In this Q&A, Firebolt CEO and co-founder Eldad Farkash outlines technology the vendor has built and the challenges organizations face in optimizing data in the cloud.

Why are you now raising a Series B for Firebolt just six months after you last raised money?

Eldad Farkash: Over the last six months, we went from being in our stealth phase and working with design partners to being full blown in the market and taking customers into production. So, the last six months have been crazy for us.

Eldad FarkashEldad Farkash

We have expanded to many places. So, basically, wherever we find the expertise we need, we build an office. This is why today we are distributed over Tel Aviv, Cluj [Romania], Munich, Dublin, Zurich [Switzerland] and San Francisco.

So, we're two and a half years old and we want to spend the money on building a product that serves our market, which is mostly around data engineers wanting to take data to production and serve data to analytics users.

Why did you help start Firebolt and build a new cloud data warehouse in the first place?

Farkash: I've been building databases my whole career. I co-founded Sisense and was CTO there for 15 years. Sisense, originally, was an HPC [high-performance computing] company and we pivoted very early on that to become a BI tool.

I left Sisense and I wanted to focus on what matters, which is the layer that computes the query. The vision I had was very simple: It was about commoditizing efficiency.
Eldad FarkashCEO and co-founder, Firebolt

I left Sisense and I wanted to focus on what matters, which is the layer that computes the query. The vision I had was very simple: It was about commoditizing efficiency.

Firebolt is focused on data engineering and data engineers that want to solve real challenges on top of the data lake and they want to serve the data to users.

So, whether you're building an app, a website or a game, whether you're building any type of online experience that utilizes data to actually drive your product -- not just drive insights from your product -- that's what Firebolt is designed for. That is very different from classic data warehouses, which have a very DBA [database administrator] type mindset.

What is the core technology that helps to enable the Firebolt cloud data warehouse approaches?

Farkash: It all starts with our own unique file format, proprietary file format. Unlike Apache Parquet, which focuses on interoperability for many systems, we wanted to design a file format that's actually focused on speed and efficiency.

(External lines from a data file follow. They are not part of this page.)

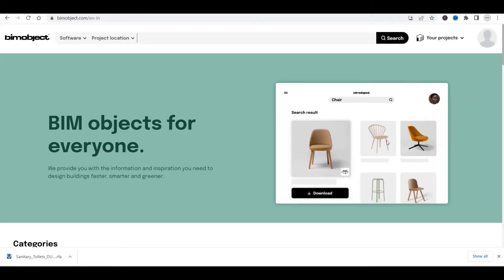Welcome to Bimgul. In this video we'll see how we can download free Revit families from different platforms and use those families in our Revit projects. I'll discuss two different best platforms that allow us to get proper families of any Revit element. We'll specifically discuss Revit elements only and how we can use them in our Revit projects.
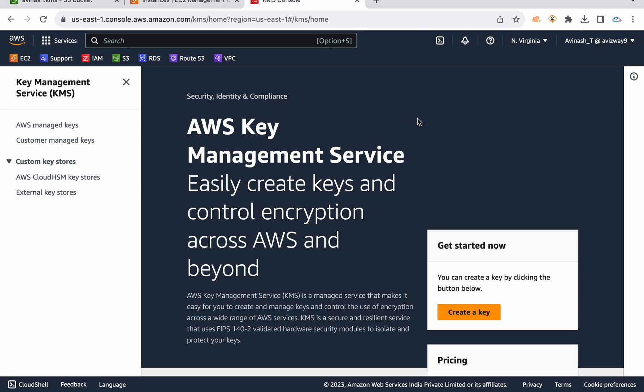Hi everyone, my name is Avinash and in this video I'm going to talk about how we can create KMS customer managed external keys. Basically this KMS service is designed to create encryption across all AWS services, so we can encrypt resources like S3 buckets, EBS volumes, and EFS storage.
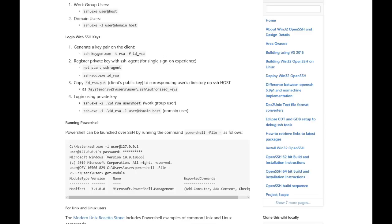Hopefully this will help you better understand OpenSSH and how to run it on Windows 2016. Thanks for watching.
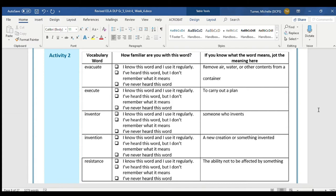The first word we're going to see today is the word evacuate. Say the word: evacuate.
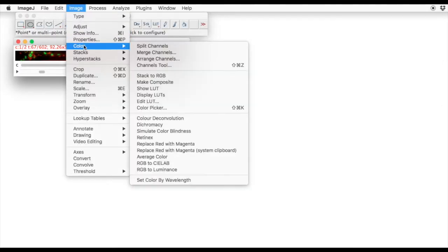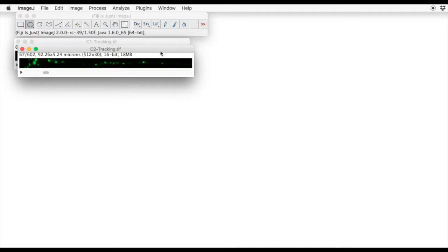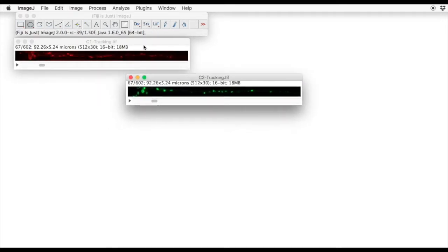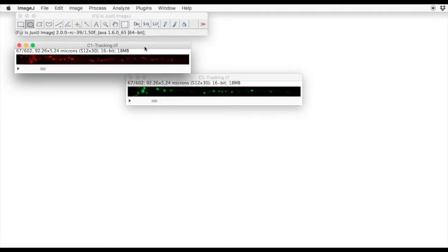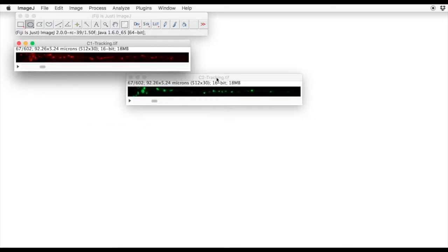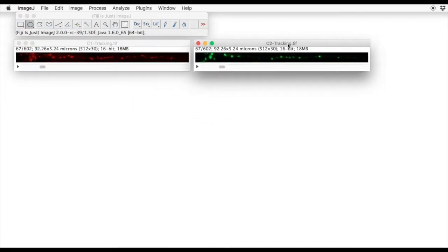First, we're going to separate out the channels, split channels, and we're going to perform a kymogram on one channel at a time.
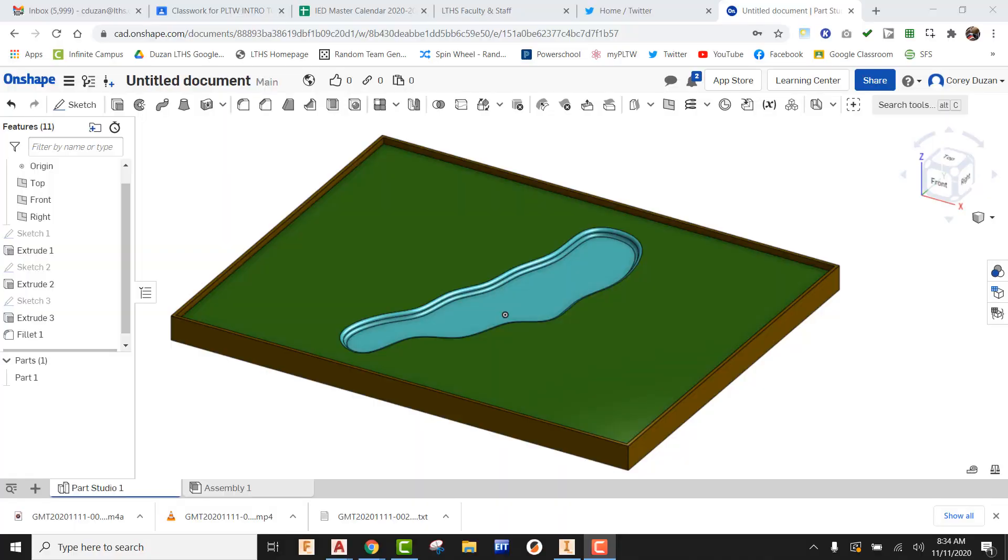Hey, what's up everybody. In this video tutorial, we're going to be taking a look at how to create a sand bunker for our mini golf course project.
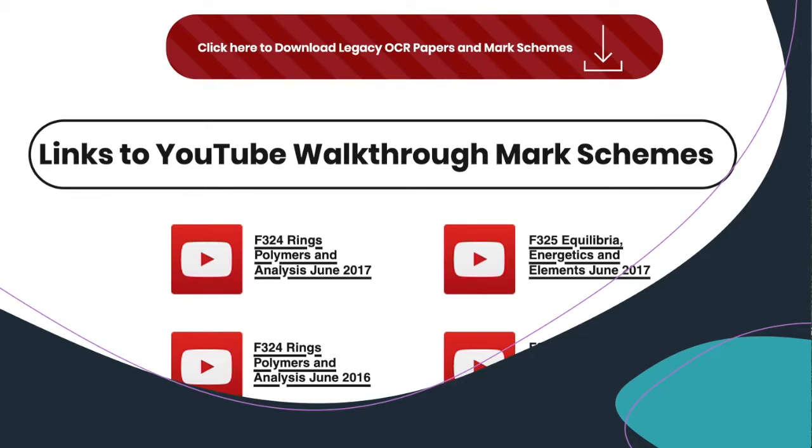You can also look at the legacy papers for OCR, and these will link to the mark schemes where we walk through the papers question by question. At the top of each of these pages you can download the papers and the mark schemes so you have hard copies as well.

With Firebolt, when you run a query, we run it against the index that we create. The query will return data ranges for where data is located, instead of downloading files. Those ranges get stored in a unique format in cache. We call it the polymorphic file format because of the way the file is being stored along different storage tiers from Amazon S3 [Simple Storage Service] through the cache, up to the RAM [system memory].

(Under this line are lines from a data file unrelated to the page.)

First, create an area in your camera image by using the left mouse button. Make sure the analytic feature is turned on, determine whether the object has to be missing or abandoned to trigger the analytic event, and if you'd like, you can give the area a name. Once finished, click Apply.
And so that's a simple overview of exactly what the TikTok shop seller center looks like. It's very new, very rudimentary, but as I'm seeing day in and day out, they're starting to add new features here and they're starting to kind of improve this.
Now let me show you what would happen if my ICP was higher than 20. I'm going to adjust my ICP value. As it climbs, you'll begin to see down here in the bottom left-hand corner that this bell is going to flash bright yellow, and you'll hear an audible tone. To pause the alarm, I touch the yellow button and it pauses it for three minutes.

Firebolt is elastic, meaning that you have one database on a version of the data sitting on S3, then you have compute scaling up and down serving different needs, but all with the same data lake.

What are the key challenges for cloud data warehouse users that you have seen?

Farkash: Today, for customer success, companies need to use granular data for products. That is different from back when internal BI and analytics was perfect for the data warehouse, and then you had the database team doing the complex stuff for products.

Now the full-stack engineer who's writing JavaScript or Python will need to run a query that runs over billions of records and aggregates the data on read. So, I think the biggest change is that most of the problems that, in the past, we could solve on write are moving and becoming problems we need to solve on read.

With a data warehouse, you have many ways to really see the data. But the biggest challenge is actually serving the data to your audience, versus just uploading into the report and then doing a daily batch update.

Editor's note: This interview has been edited for clarity and conciseness.